Here is my current Python script for GOES-16 and GOES-17 satellites. If you followed the GOES Satellite Data Download tutorial and saved the file as suggested you need only change the path variable in the script. For example, if your path looks like this:
E:/goes-16-data/full-disk/multi-band/2020/0415/1430/
The path variable will be this:
path = 'E:/goes-16-data/full-disk/multi-band/'
Do not include the YYYY/MMDD/hhmm/ part of your path; the script assumes you used this directory structure and will handle it automatically. Also don't forget the quotes and forward slash at the end!

You should already have Python installed as explained in Installing Python on Windows 10. Run Spyder from the Start menu and copy and paste the text below directly into the script pane and change the path.
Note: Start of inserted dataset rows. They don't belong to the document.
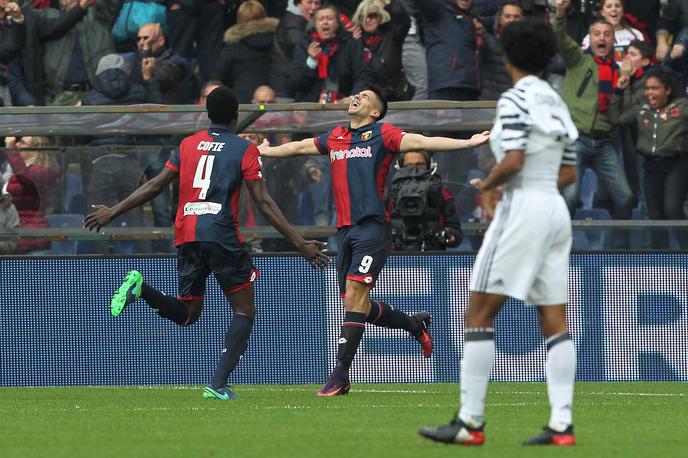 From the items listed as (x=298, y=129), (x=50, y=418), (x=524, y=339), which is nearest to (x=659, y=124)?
(x=524, y=339)

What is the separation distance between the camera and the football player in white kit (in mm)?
7578

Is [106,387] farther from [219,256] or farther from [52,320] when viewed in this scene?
[219,256]

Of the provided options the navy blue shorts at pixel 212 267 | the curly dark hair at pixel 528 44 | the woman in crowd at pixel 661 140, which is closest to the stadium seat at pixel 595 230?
the woman in crowd at pixel 661 140

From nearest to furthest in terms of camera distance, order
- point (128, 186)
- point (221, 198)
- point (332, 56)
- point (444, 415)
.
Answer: point (444, 415), point (221, 198), point (128, 186), point (332, 56)

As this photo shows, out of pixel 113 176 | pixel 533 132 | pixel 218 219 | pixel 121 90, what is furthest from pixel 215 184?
pixel 121 90

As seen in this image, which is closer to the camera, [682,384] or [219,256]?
[219,256]

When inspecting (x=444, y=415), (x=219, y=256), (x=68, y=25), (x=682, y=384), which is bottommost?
(x=682, y=384)

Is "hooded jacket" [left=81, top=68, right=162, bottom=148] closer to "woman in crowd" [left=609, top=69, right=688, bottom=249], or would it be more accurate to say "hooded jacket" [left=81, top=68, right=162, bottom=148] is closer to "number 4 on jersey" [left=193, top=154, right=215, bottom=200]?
"woman in crowd" [left=609, top=69, right=688, bottom=249]

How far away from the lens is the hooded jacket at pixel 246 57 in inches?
699

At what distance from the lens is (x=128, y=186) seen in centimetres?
1461

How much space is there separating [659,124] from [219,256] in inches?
220

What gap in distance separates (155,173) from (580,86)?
4474mm

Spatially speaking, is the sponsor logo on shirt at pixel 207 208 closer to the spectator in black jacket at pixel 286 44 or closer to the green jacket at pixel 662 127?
the green jacket at pixel 662 127

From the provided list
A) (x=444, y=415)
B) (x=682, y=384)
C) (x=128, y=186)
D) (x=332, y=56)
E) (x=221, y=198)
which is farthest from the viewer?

###############################
#    EDIT THESE VARIABLES     #
###############################

# Tutorial: https://loneskyimages.blogspot.com/2020/04/goes-satellite-data-download.html
# IMPORTANT! Change the path variable
# to where you saved the GOES file
# If you are following the tutorial you
# don't need to make any further changes

# Define variables
path = 'E:/goes-16-data/full-disk/multi-band/'
year = '2020' # YYYY
date = '0415' # MMDD
time = '1430' # hhmm

###############################
# DO NOT EDIT BELOW THIS LINE #
###############################

# Load Python libraries
from glob import glob
from netCDF4 import Dataset
import numpy as np
import cv2

# Variables
full_path = path + year + '/' + date + '/' + time + '/'
date_name = year + date + time
goes_file = str(glob(full_path + '*.nc')).split('\\')[-1][:-2]
satellite = goes_file.split('/')[-1][21:23]
save_file = 'GOES-' + satellite + '_' + date_name + '.png'

# GOES file
nc_file = full_path + goes_file

# Read the file using NetCDF4 with the 'r' flag (read)
nc = Dataset(nc_file, 'r')

# Load the array variables
B = nc.variables['CMI_C01'][:] # Band 1 is blue (0.47 um)
R = nc.variables['CMI_C02'][:] # Band 2 is red (0.64 um)
I = nc.variables['CMI_C03'][:] # Band 3 is "veggie" infrared (0.865 um)

# Close the file
nc.close()

# Turn empty values into NaNs
B[B == -1] = np.nan
R[R == -1] = np.nan
I[I == -1] = np.nan

# Blend the B channel and R channel
G_base = cv2.addWeighted(B, 0.38, R, 0.62, 0)

# Use the I channel to lighten G_base using np.maximum
# This will increase the vegetation signal
G_veg = cv2.addWeighted(G_base, 0.97, np.maximum(G_base, I), 0.03, 0)

# Blend the B channel to decrease the signal
# in predominantly red/orange soil regions
G_soil = new_G = cv2.addWeighted(G_veg, 0.41, np.minimum(G_veg, B), 0.59, 0)

# Create a "true color" BGR image
img = cv2.merge((B, new_G, R))

# Convert BGR to HLS
hls = cv2.cvtColor(img, cv2.COLOR_BGR2HLS)

# Split image to HLS components
h, l, s = cv2.split(hls)

# Adjust the tone curve
# function: y = (x^b(x+1-xa))^1/c
# https://www.desmos.com/calculator/wf7oex5edi
a = 1.85
b = 0.90
c = 1.90

new_l = np.power(np.power(l, b * (l + 1 - (l * a))), 1/c)

# Merge to HLS
new_img = cv2.merge((h, new_l, s))

# Convert to BGR
img = cv2.cvtColor(new_img, cv2.COLOR_HLS2BGR)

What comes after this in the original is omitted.